More than 100 people attended the event, which started at 7:30 p.m. at theCabildo (town hall), the first meeting point featured on the tour. There, the event’s organizer, Cesar Barrantes, welcomed the participants, speaking through a sound system. He promised that they would relive the history of the country and, of course, that of Guanacaste.
Celebrating the 190th anniversary of the Annexation, Barrantes explained that the Cabildo was the place where, on July 25, 1824, an open town meeting brought together residents of the Party of Nicoya. In an act of pure free will, the residents decided to join the Costa Rican republic. In addition, Barrantes explained that the Cabildo, located across from Recaredo Briceño Park, was the place where the act that made the annexation official was signed.
The event was sponsored by the Costa Rican Tourism Institute (ICT – Instituto Costarricense de Turismo), so the majority of participants wore identifying white T-shirts with the Vamos a Turistear logo.
The wind was refreshing for the walk through the sweltering colonial city, which proceeded to the Cofradia (Brotherhood) building. There, participants watched a private show of the lovely tradition of the Baile de la Yegüita (The Little Mare’s Dance). At that building, Jose Antonio Aiza, the administrator of the Cofradia, gave a detailed explanation of the dance’s origin, which dates back to 1914. Put briefly, two men were going to kill each other for the love of the Indian woman Nantiume. However, because of the people’s prayers, a small black mare appeared and stopped the fight.
Upon leaving the Cofradia building, a cimarrona band (one with giant dancing puppets) joined the procession. More than a few took advantage of the occasion to show off their best Guanacastec-style yell and a few dance steps.

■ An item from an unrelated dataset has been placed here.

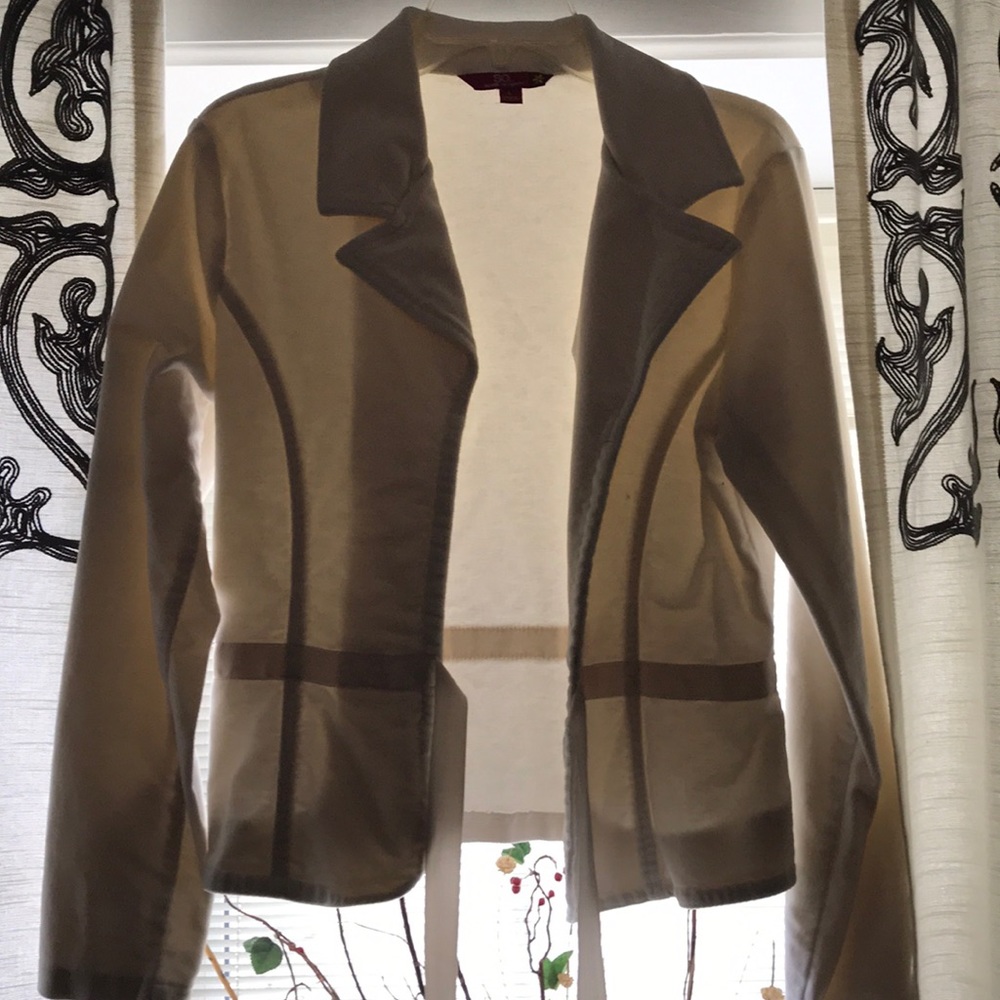 Off white velvet blazer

Vamos a Turistear caught the attention of Ticos and foreigners alike, as in the case of New Yorker Gabriel Cei, who said he was amazed by Guanacaste’s architecture. “The homes are very beautiful; I loved that traditional dance a lot. It’s incredible! I also like those drums [of the cimarrona]. I feel like it’s the World Cup,” he said.
In addition, some central valley residents took advantage of the holiday to visit Nicoya. That was the case for Yeorlene Contreras, who said that she was on a vacation in Tamarindo with her family when they decided to participate in Vamos a Turistear.
“It’s something new for me; it’s something incredibly well-organized. Today I have learned a lot about the history of Nicoya canton. Everything has been very lovely,” said Contreras.
The tour also stopped by the colonial church and a few homes in the La Cananga neighborhood. During the nearly 1.5 hours that the tour lasted, the participants were protected by officials from the public force and an ambulance that was available for emergencies.
The history lessons weren’t only for visitors, as some Nicoyans, such as Leida Ruiz, also learned something new about Nicoya’s history. “These activities should be constant – this preserves traditions. As a Nicoyan, there were a lot of things I didn’t know, like the history of many houses in the La Cananga neighborhood, and they explained it very well,” asserted Ruiz.
To finish the tour, a group of marimbas livened up the fiesta at about 9 p.m., leaving many satisfied that they had participated.